Progressive donors are eager to give.
Supporters are ready to dig deeper for charity this year, according to data released in June by Cygnus Applied Research and PMX Agency, with progressive-minded donors in particular feeling a sense of urgency about giving more.
Nonprofits focused on the environment, health care, and women’s and international issues in particular are most likely to benefit from this increased generosity, according to a July study by ABD Direct, a fundraising strategy firm, and the Mellman Group, a research organization.
Hot-button issues are driving donations.
Though groups that oppose legal abortion have not reported major upticks in support since Mr. Trump’s election, they do report seeing an opportunity for advocacy with a sympathetic leader in the White House.
Threats to a charity’s government support can activate donors.

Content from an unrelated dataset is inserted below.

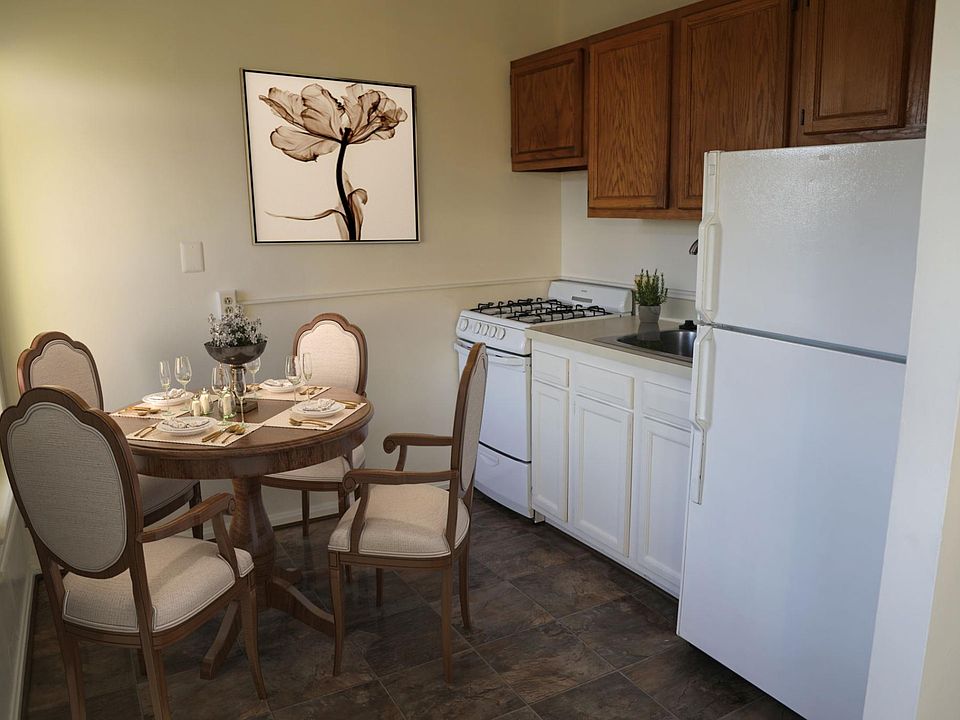 One Bedroom Kitchen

When Meals on Wheels, a program not known as a magnet for controversy, found itself facing the chopping block in March when the White House released its preliminary budget proposal, its national organization geared up for an advocacy fight. It quickly posted new online appeals and saw a sudden burst of donations.
Charities with experience in surviving deep cuts in their government support shared survival strategies that help keep their missions intact.
Booms in giving prompt strategies to retain new donors.
The ACLU, for example, is looking for wealthy supporters among its new crop of contributors and trying to recruit more members to its monthly giving program.
Some organizations, such as Black Lives Matter, are adding fundraisers to help find and keep new donors. The grass-roots organization began looking for its first development officer in August.